Ela fechou os olhos contra o brilho do nascer do sol, descansando os cotovelos no degrau acima e atrás dela. Por um momento, se deixou flutuar na fantasia de que tudo era como antes, que nada havia mudado, que ela encontraria Jace esta tarde para treinar, ou à noite para jantar, e ele a abraçaria e a faria rir do jeito que sempre fez.
Finos raios de sol tocaram seu rosto. Relutantemente, seus olhos se abriram.
E lá estava ele, andando em sua direção, subindo os degraus, silencioso como um gato, como sempre. Usava um suéter azul-escuro, que fez seu cabelo parecer a luz do sol sobre o céu.
Ela se sentou ereta, com o coração batendo forte. O sol brilhante parecia delinear o contorno dele contra a luz. Ela se lembrou daquela noite em Idris, como os fogos de artifício riscaram o céu e ela pensou em anjos caindo em chamas.
Jace chegou perto dela e estendeu as mãos; ela as segurou, e deixou que ele a levantasse. Seus olhos dourados procuraram seu rosto.
— Eu não tinha certeza de que você estaria aqui.
— Desde quando você tem dúvidas sobre mim?
— Você estava bem nervosa antes.
Ele colocou a mão em sua bochecha. Havia uma cicatriz áspera na palma da mão dele, ela podia senti-la contra sua pele.
— Então, se eu não estivesse aqui, o que você faria?
Ele puxou-a para perto. Ele estava tremendo também, e o vento bagunçava seus cabelos brilhantes.
— Como Luke está?
Ao som do nome de Luke, outro arrepio passou por ela. Jace, pensando que ela estava com frio, segurou-a mais firmemente contra ele.
— Ele vai ficar bem — ela respondeu cautelosamente.
É sua culpa, sua culpa, sua culpa.
— Eu nunca quis que ele se machucasse — os braços de Jace estavam ao seu redor, seus dedos traçando uma linha para cima e para baixo em sua coluna — você acredita em mim?
— Jace... Por que você veio aqui?
— Para pedir de novo. Para você vir comigo.
Ela fechou os olhos.
— E você não vai me dizer para onde?
— Fé — ele disse suavemente — você tem que ter fé. Mas também precisa saber que, uma vez que venha comigo, não haverá volta. Não por um longo tempo.

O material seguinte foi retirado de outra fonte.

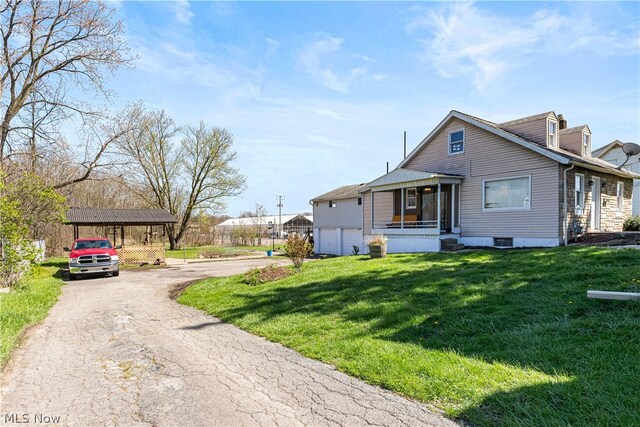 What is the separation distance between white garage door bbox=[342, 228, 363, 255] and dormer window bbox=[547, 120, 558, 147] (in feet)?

Ela se lembrou do momento em que tinha saído do Java Jones e o viu esperando por ela lá fora. Sua vida mudou naquele momento de uma forma que nunca poderia ser desfeita.
— Nunca houve volta — ela replicou — não com você — ela abriu os olhos — vamos.

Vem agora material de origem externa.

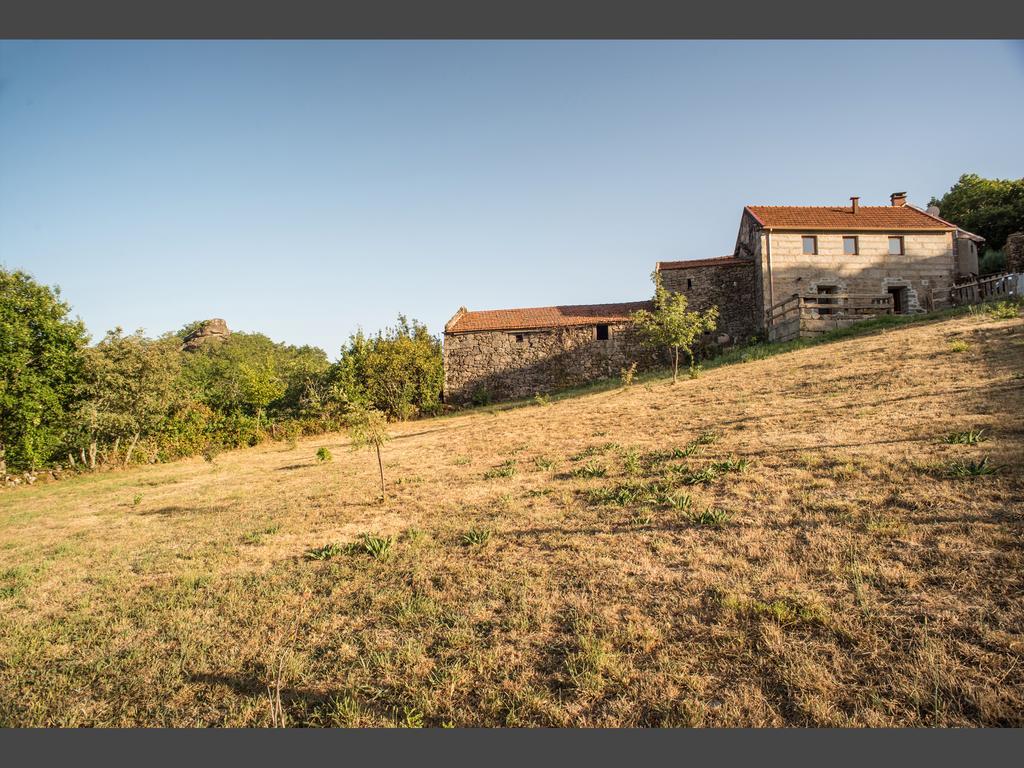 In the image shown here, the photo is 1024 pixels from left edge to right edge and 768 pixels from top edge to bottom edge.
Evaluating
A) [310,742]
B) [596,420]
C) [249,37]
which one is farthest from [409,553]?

Ele sorriu, um sorriso tão brilhante quanto o sol saindo de trás das nuvens, e ela sentiu seu corpo relaxar.
— Você tem certeza?
— Tenho.
Ele se inclinou e a beijou. Clary levantou os braços para abraçá-lo e provou algo amargo em seus lábios. Em seguida, a escuridão desceu como uma cortina que sinaliza o fim do ato de uma peça.